Required action:
Your copy should hold exactly the lines from the one containing "Baby in a white" through the last line of the entries, and no pictures.

>>

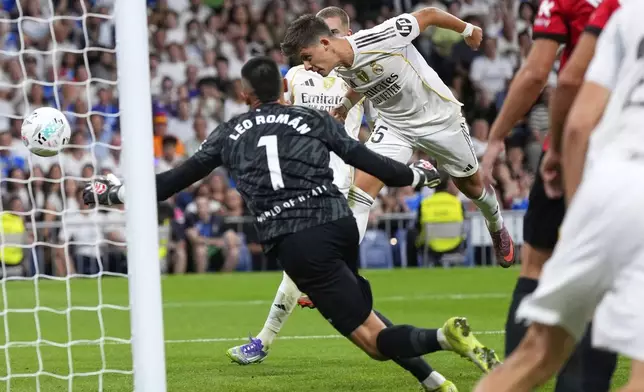 Real Madrid's Arda Guler scores his side's first goal during the Spanish La Liga soccer match between Real Madrid and Mallorca in Madrid, Saturday, Aug. 30, 2025. (AP Photo/Manu Fernandez)
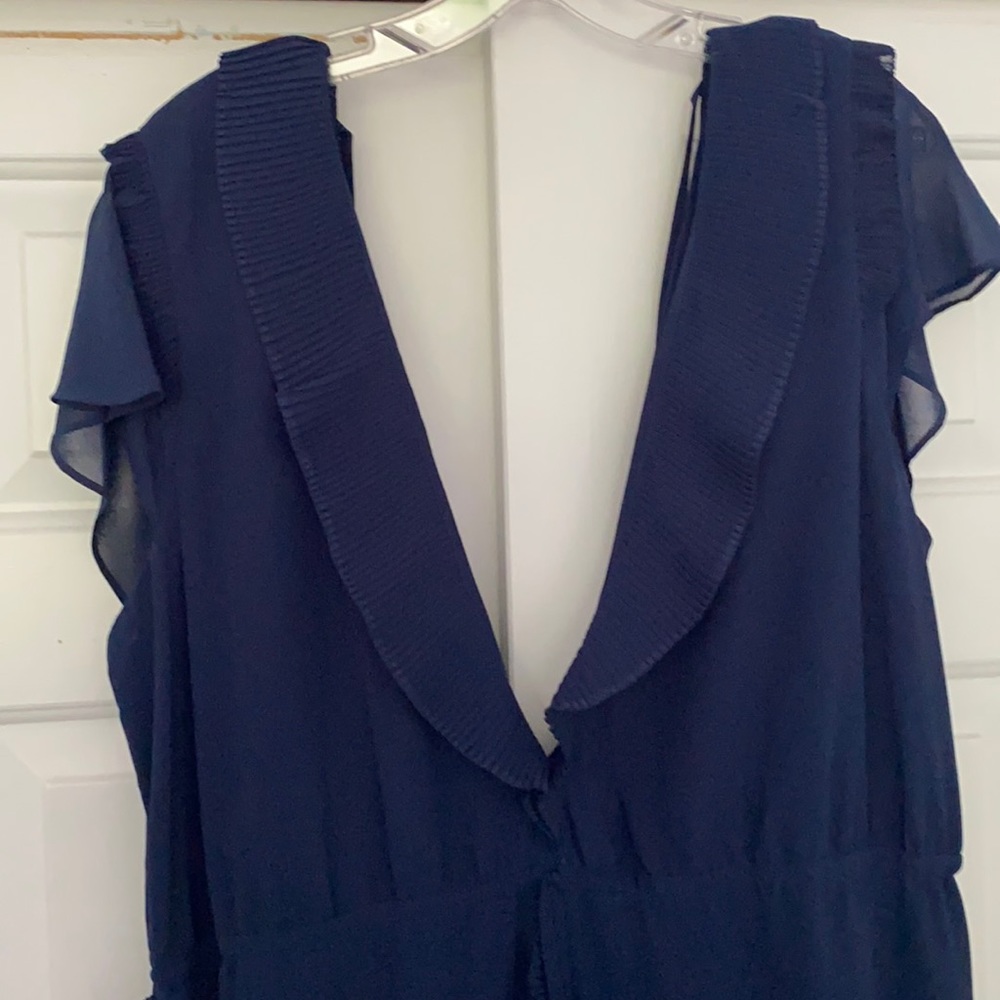 Navy blue dress with ruffle and tie details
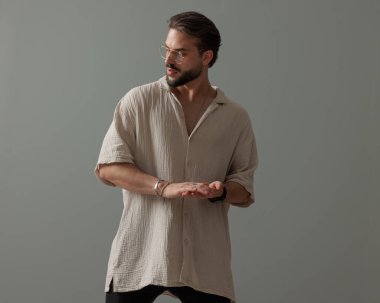 Gözlüklü, avuçlarını ovuşturan ve gri arka planın önünde duran seksi moda adamı. 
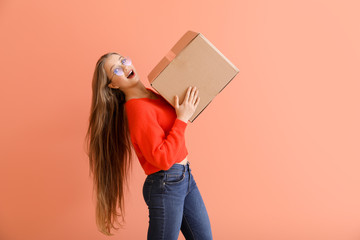 Young woman with cardboard box on color background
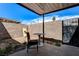 Outdoor patio featuring brick wall, gated entrance, and table with chair at 3912 Palos Verdes St, Las Vegas, NV 89119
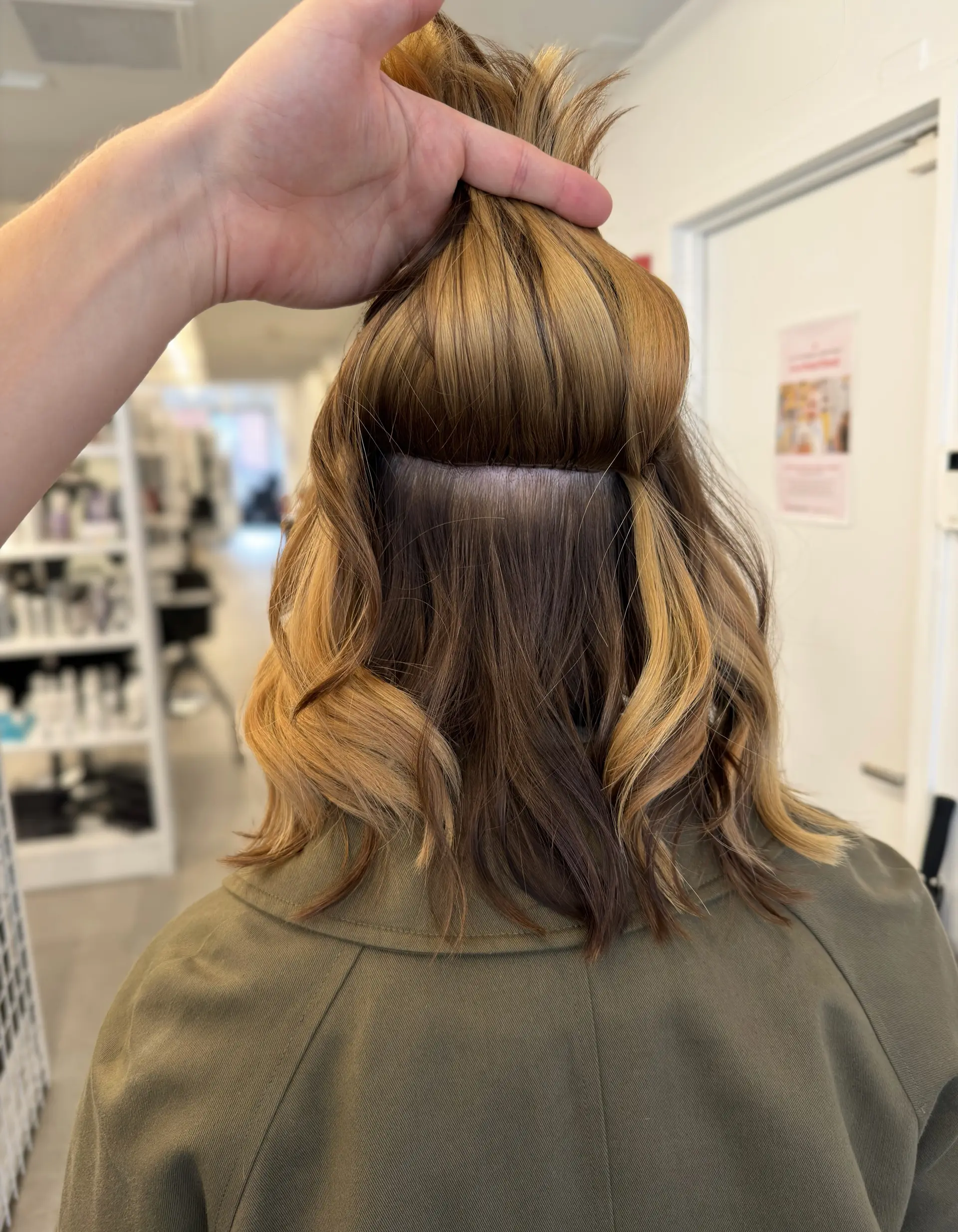 Medium-length wavy hair in golden blonde and brown tones lifted to demonstrate a hand-tied extension track. 1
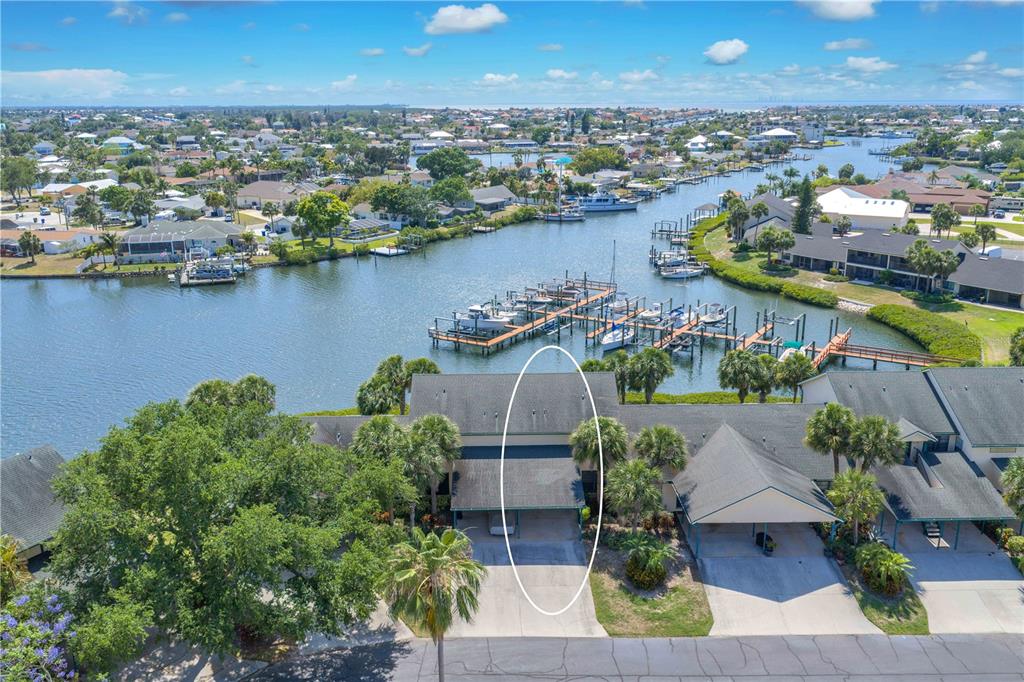 An aerial view shows a townhouse with a covered carport and a nearby boat dock — 614 YARDARM DRIVE UNIT 7, APOLLO BEACH, FL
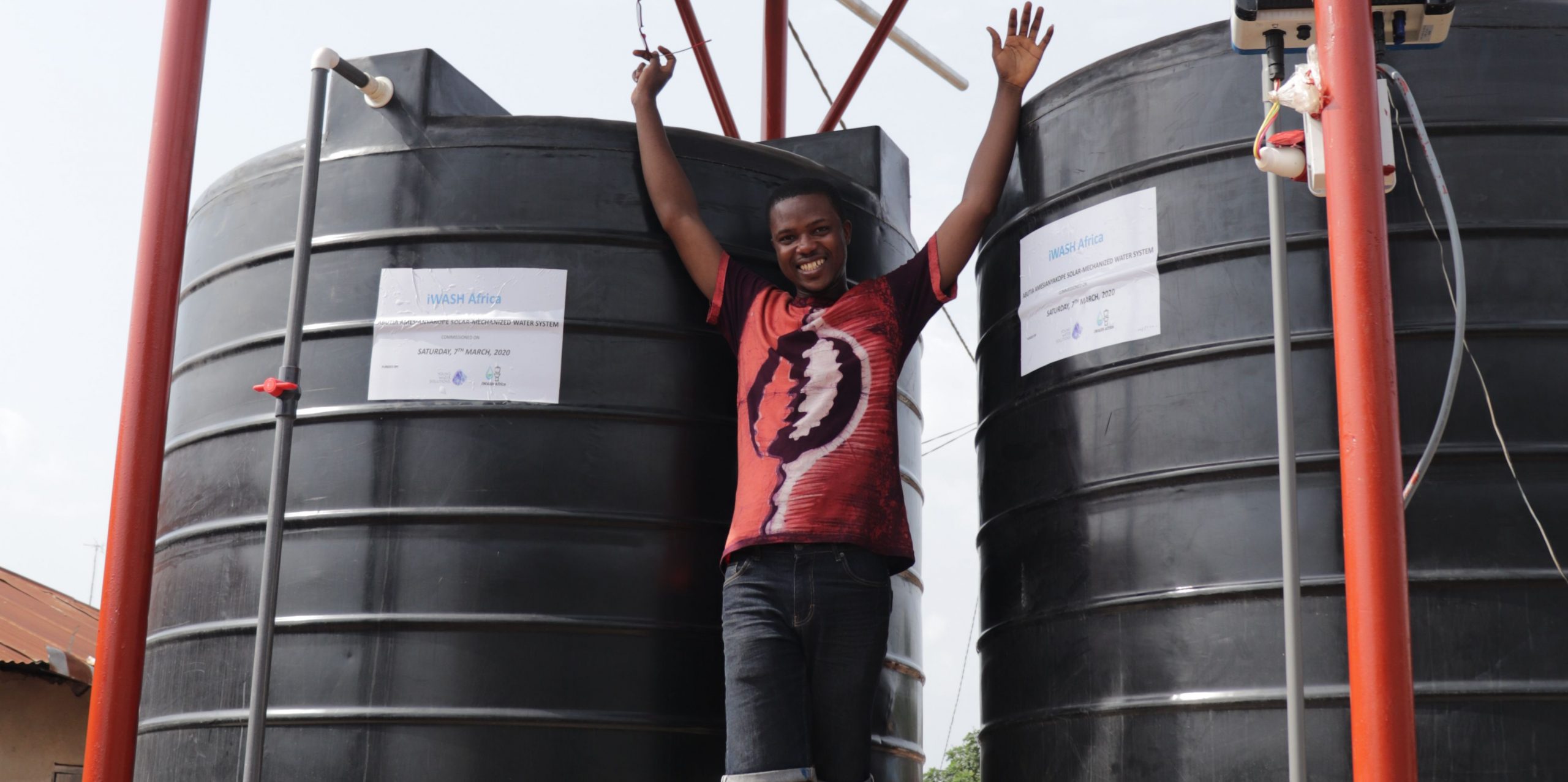 Fellow Jacob Amengor from Ghana inaugurates water kiosk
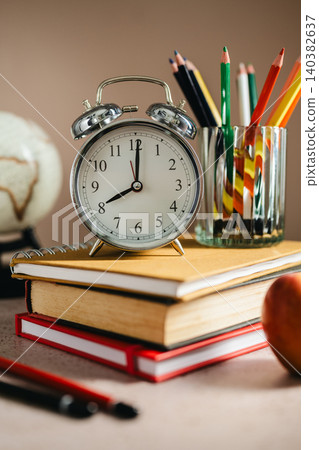 Academic planning with alarm clock on textbooks, study schedule concept Academic planning with alarm clock on textbooks, study schedule concept 140382637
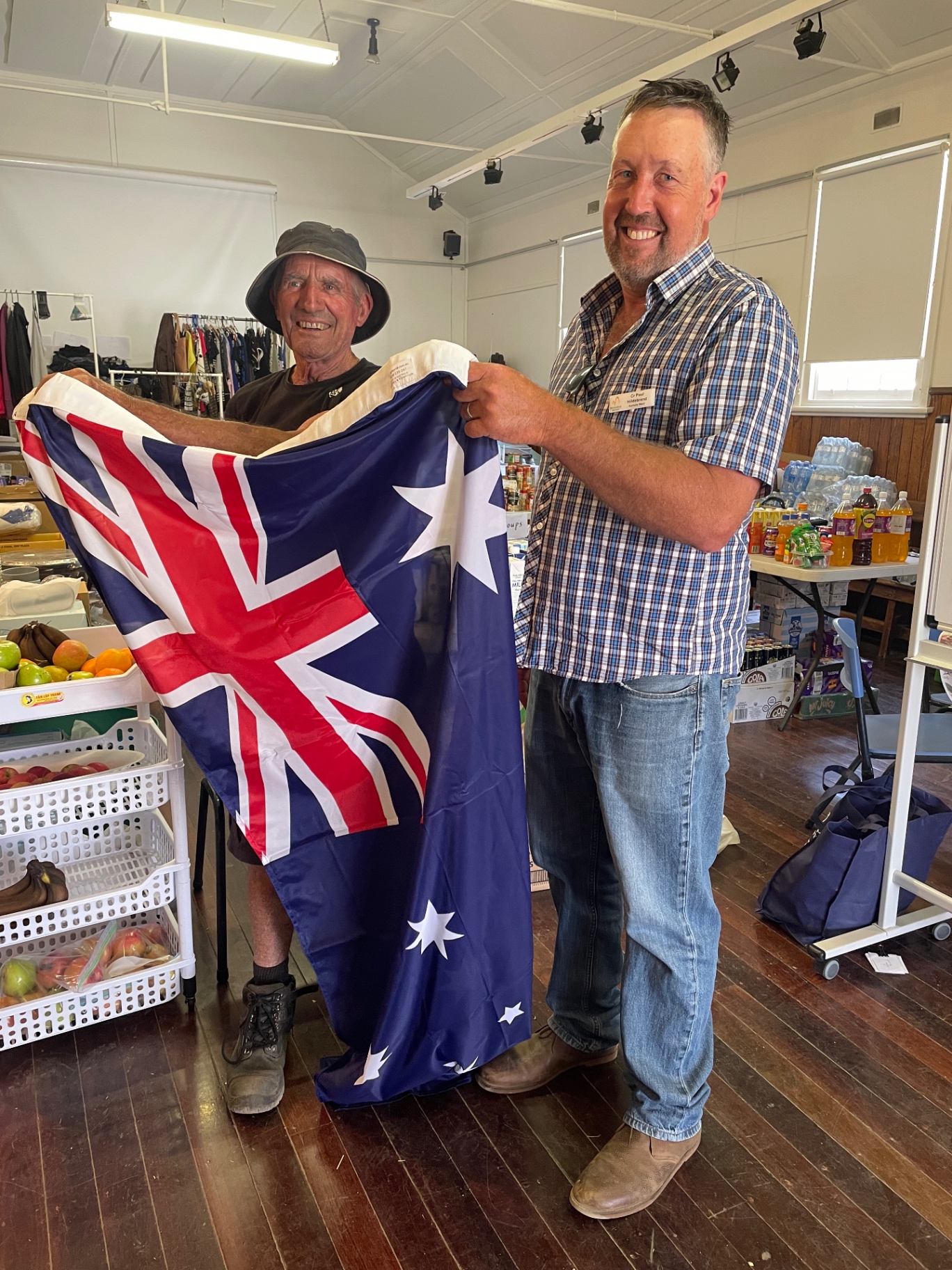 Two men holding up an Australian flag inside the hall surrounded by donated supplies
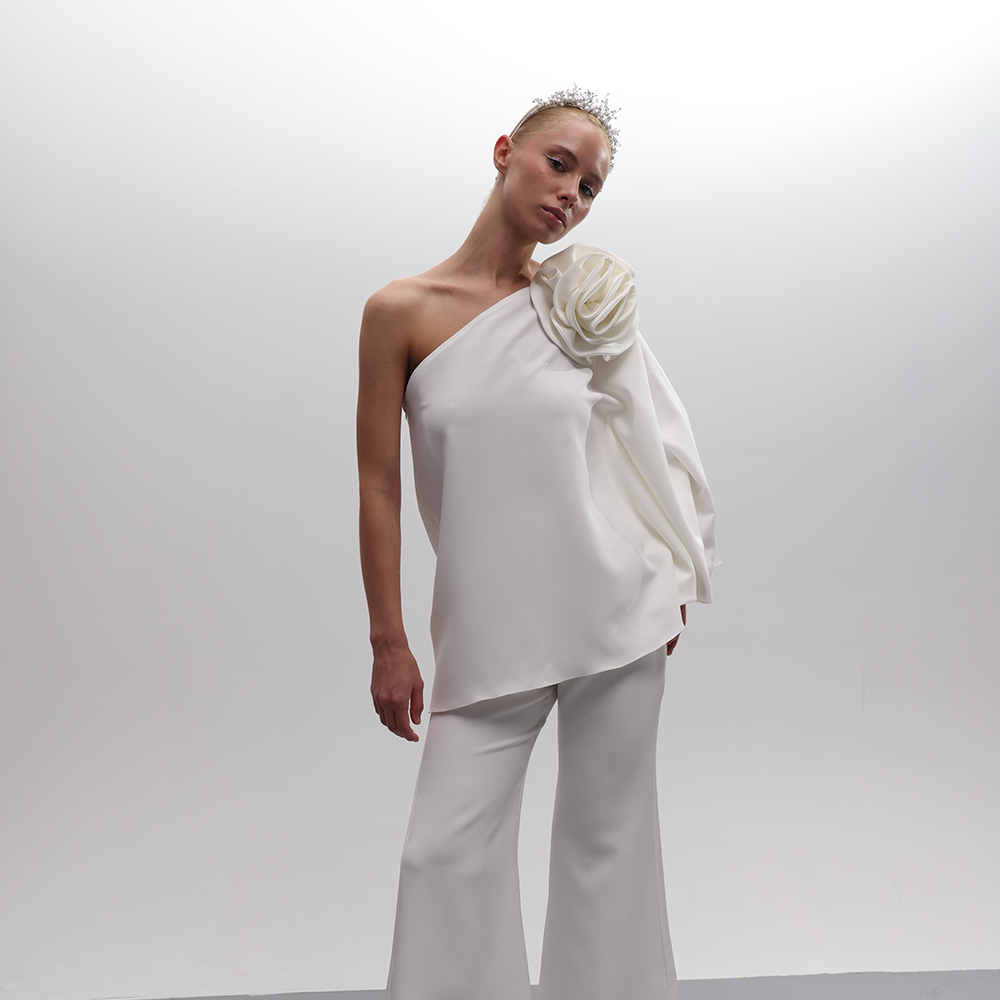 One-shoulder off white top with a sizable matching fabric flower, featuring bell sleeves for sophistication.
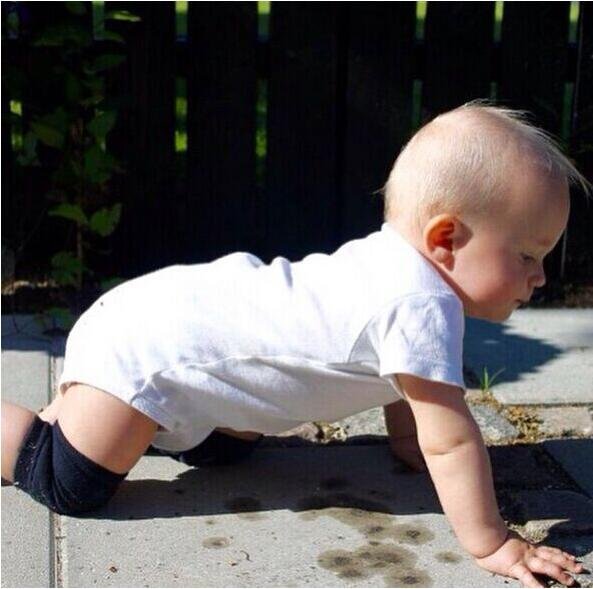 Baby in a white onesie crawling outdoors while wearing knee protectors for safe movement on rough ground.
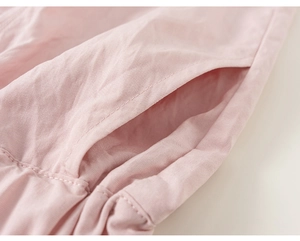 Detail of light pink kids' outfit featuring clean side pocket stitching and soft fabric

<<

Solution:
 Baby in a white onesie crawling outdoors while wearing knee protectors for safe movement on rough ground.
 Detail of light pink kids' outfit featuring clean side pocket stitching and soft fabric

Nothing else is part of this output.